Granada sits in the shadow of the Sierra Nevada mountains and from almost every corner of the historic city centre you can see these mountains and their highest peak, Mount Mulhacen, (which has its summit at 3479 metres / 11411 feet), and when they are covered in snow, it is the most wonderful sight, and simply adds to the magic of the city.
Granada is of course famous for one monument above all others, The Alhambra and its famous Nasrid Palaces and gardens, which were designated a UNESCO World Heritage Site in 1984, along with the Albaicin district which is located on the hill opposite The Alhambra.

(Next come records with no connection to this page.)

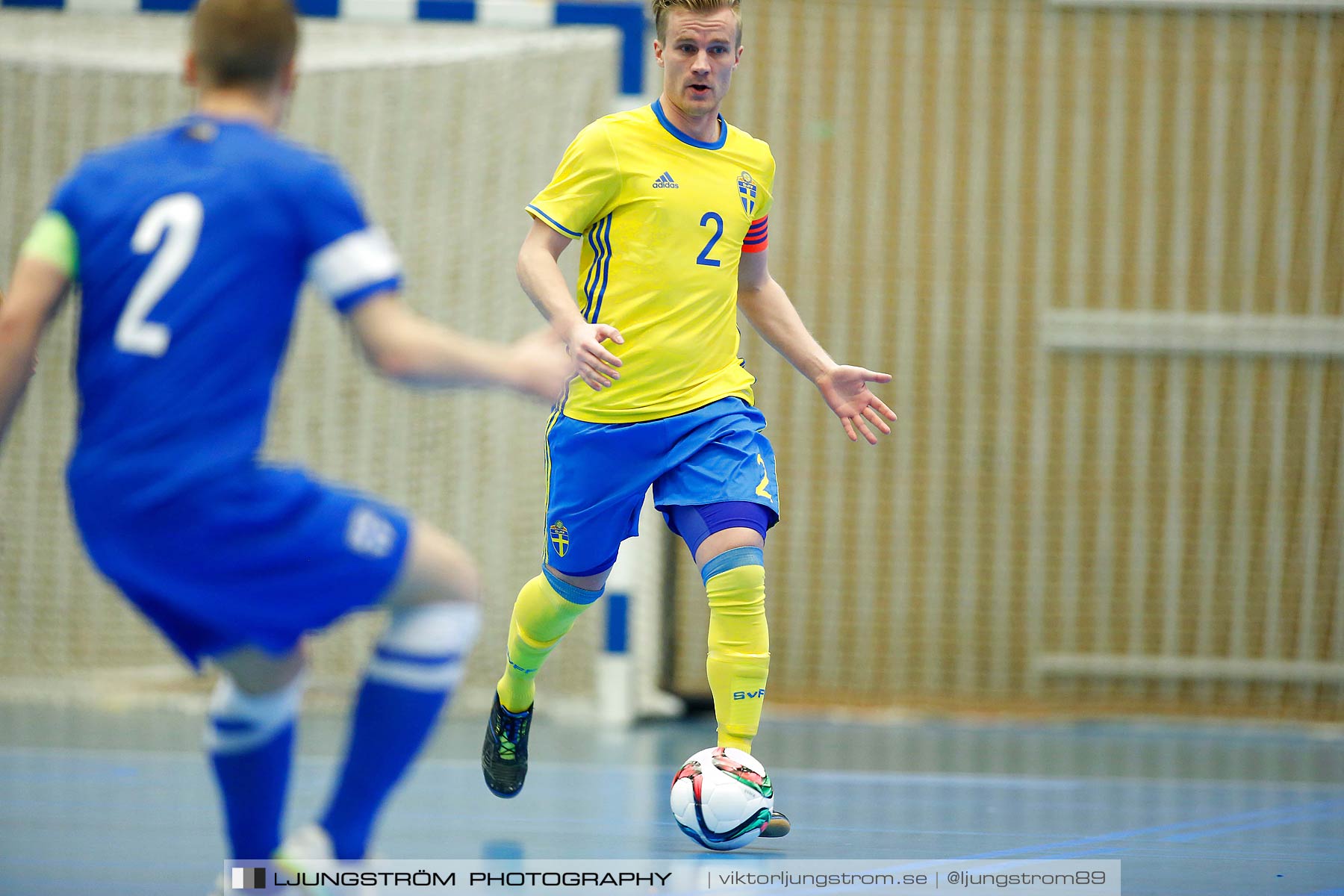 Landskamp Sverige-Finland 3-6,herr,Arena Skövde,Skövde,Sverige,Futsal,,2016,176898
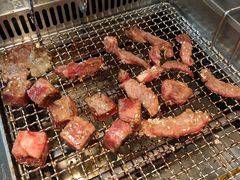 -俊熙家点餐式自助烤肉店(1227广场店)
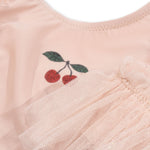 (KS101057) Strut Bikini Grs - Cameo Rose - MintMouse (Unicorner Concept Store)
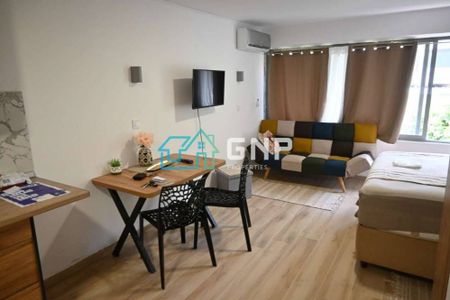 Studio/Γκαρσονιέρα για ενοικίαση Διοικητήριο (Κέντρο Θεσσαλονίκης) - Photo 4
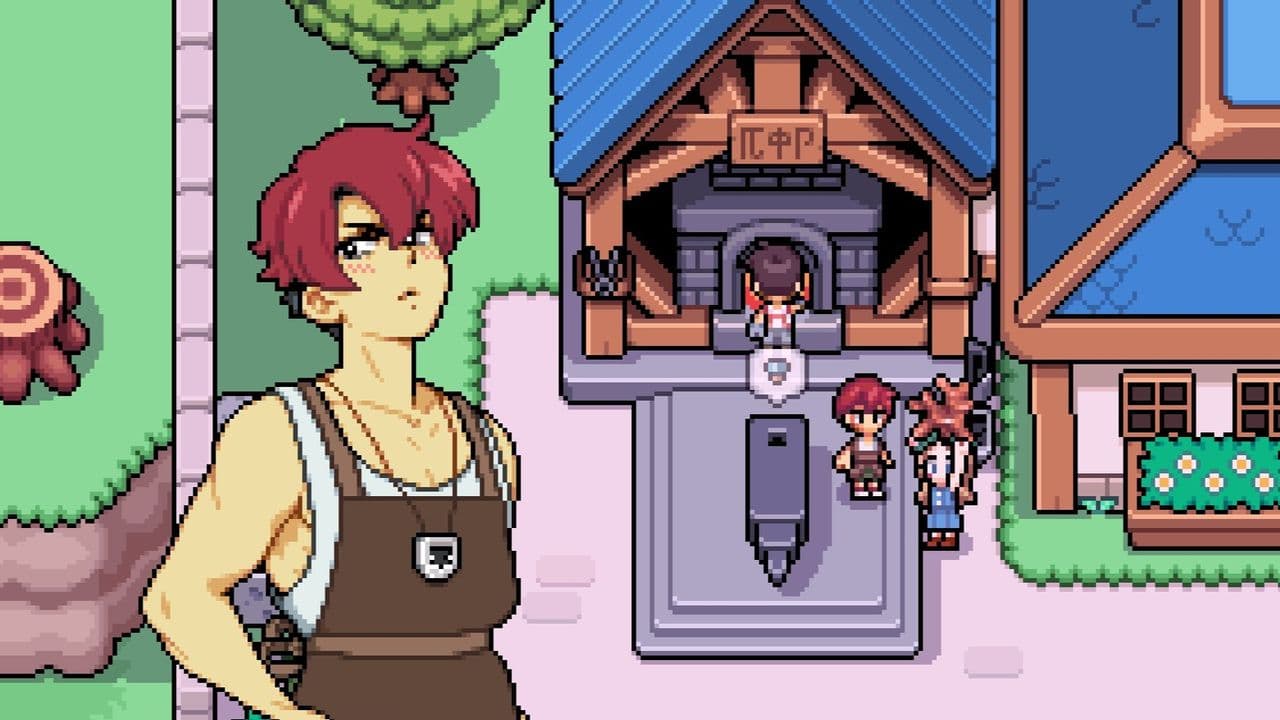 ไกด์จีบ March ใน Fields of Mistria: ของขวัญที่เขาชอบและเงื่อนไขปลดฉากหัวใจ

Visitors to Granada are swept away by a mixture of its physical location, its history, and its architecture. Granada has a current population of around 300,000 and its historic centre has everything; narrow streets, winding river, dramatic views, extraordinary buildings and a bustling restaurant and tapas district. Add to this the 16th Century Cathedral, the Alcaiceria, (the old silk market) and the plazas and archways, and you really do have a recipe for success.
Granada is vibrant city that every visitor enjoys, and few want to leave, and it is its history that has made it what it is today.
Granada was first captured by Muslim forces in the year 712 and formed part of Al-Andalus, the name given to the Iberian peninsular which was now under control of the Muslim Umayyad dynasty. Granada first rose to the status of an independent kingdom after the collapse of the Umayyad dynasty in 1029 and the breakdown of the central control of Al-Andalus from the city of Cordoba. The first post-Umayyad Muslim rulers of the Taifa, (kingdom) of Granada were the Zirids, a North African Berber group who decided to build their fortress in the previously mainly Jewish town of Garanat, on the hill rising from the north bank of the Darro River…. this area in now know as the Albaicin district and is a World Heritage site in its own right.
Granada continued to change hands over the next 200 years. Firstly, the Almoravids ruled Granada from 1090 and then the Almohads from 1166, (both North African Berber tribes). With the eventual collapse of the Almohad control in 1248, the opportunity was seized by an Arab Muslim family, the Nasrids.
The Nasrids were Arabs and formed the last Muslim dynasty in the Iberian Peninsula, ruling the Emirate of Granada from 1230 until 1492. Twenty-three emirs ruled Granada from the founding of the dynasty in 1230 by Muhammad I until 2 January 1492, when Muhammad XII surrendered his Kingdom to Queen Isabella I of Castile and Fernando, (Ferdinand), II of Aragon, on the 2nd of January 1492. This not only brought at end to the last Muslim Kingdom in Spain, but it also coincided with beginning of the expulsion of Jews and Muslims from Spain. Spain also consolidated power in 1492 and began its expansion plans and Empire building.
1492 was a major turning point in history, and the City of Granada truly played a major role in that change.